Microcreation's Software Assurance services help identify security problems at any phase of the development lifecycle - and within the development process itself. For each offering, we will identify and focus our efforts on those areas where your application or Process is most at risk, report back what problems/vulnerabilities were found, and provide Remediation advice.
Application Security Testing:
Microcreation's security engineers will employ propriety manual attacks and specialized tools to uncover vulnerabilities in your software. For both web and non-web applications.Using proprietary attacks and focusing on high-risk areas, our testing will uncover elusive vulnerabilities in desktop, web, server and embedded software.
Security Code Review:
Our expert security team employs a combination of static analysis tools and “eyes on” manual review to uncover the highest number of flaws possible - and provides remediation for those coding errors. A Code Review analyzes existing codebase and locates code constructs that lead to security vulnerabilities. Code reviews may be executed against applications written in C, C++ C#, Visual Basic, Visual Basic.NET, ABAP, and a myriad of web technologies including Ruby, PHP, AJAX, and Perl.

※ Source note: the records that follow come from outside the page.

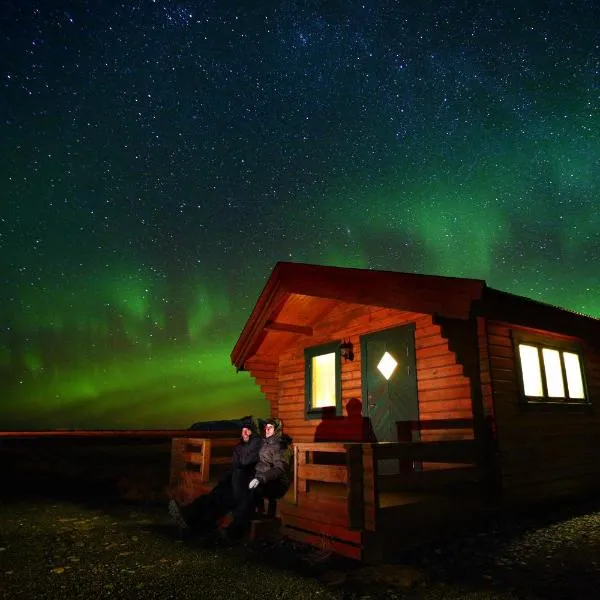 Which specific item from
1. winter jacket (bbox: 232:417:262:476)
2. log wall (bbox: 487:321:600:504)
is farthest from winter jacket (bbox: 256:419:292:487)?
log wall (bbox: 487:321:600:504)

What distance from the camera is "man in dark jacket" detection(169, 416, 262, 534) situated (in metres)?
7.34

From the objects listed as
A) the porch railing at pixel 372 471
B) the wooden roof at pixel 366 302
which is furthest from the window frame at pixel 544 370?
the porch railing at pixel 372 471

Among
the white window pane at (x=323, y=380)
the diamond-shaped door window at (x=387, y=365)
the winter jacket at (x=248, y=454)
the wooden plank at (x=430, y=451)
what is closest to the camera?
the wooden plank at (x=430, y=451)

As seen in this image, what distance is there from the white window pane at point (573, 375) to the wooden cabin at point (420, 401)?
0.15ft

Although the majority of software vulnerabilities are found during the implementation and test phase, most are introduced during the design phase - before a line of code is even written. Microcreation Team can help your organization build a secure design plan for your software applications - ensuring high levels of success at later phases of the development process.
Secure Development Process Optimization:
Microcreation expert security team will work closely with your organization to better understand gaps in your development process and help rollout/refine a process that internalizes security and minimizes disruption. Identifies gaps in your existing development process and introduces key points to integrate new or refine existing security activities.
Microcreation's Secure Software Development Life Cycle service is built upon the widely accepted phases of the software development life cycle (SDLC): Requirements, Design, Implementation, Test and Deployment.
We will analyze your existing software development lifecycle and identify key points within the process to integrate new or refine existing security activities and gates. This gives your development team a repeatable and effective process that incorporates security at each phase of the software development lifecycle.
Research & Guidance:
Security Innovation has helped companies achieve a competitive advantage with its comprehensive research program that includes competitive intelligence, comparative analysis, secure knowledge expansion, and assistance with product roadmaps. Deliverables included Security guides, intelligence reports, protocols, and security best practices.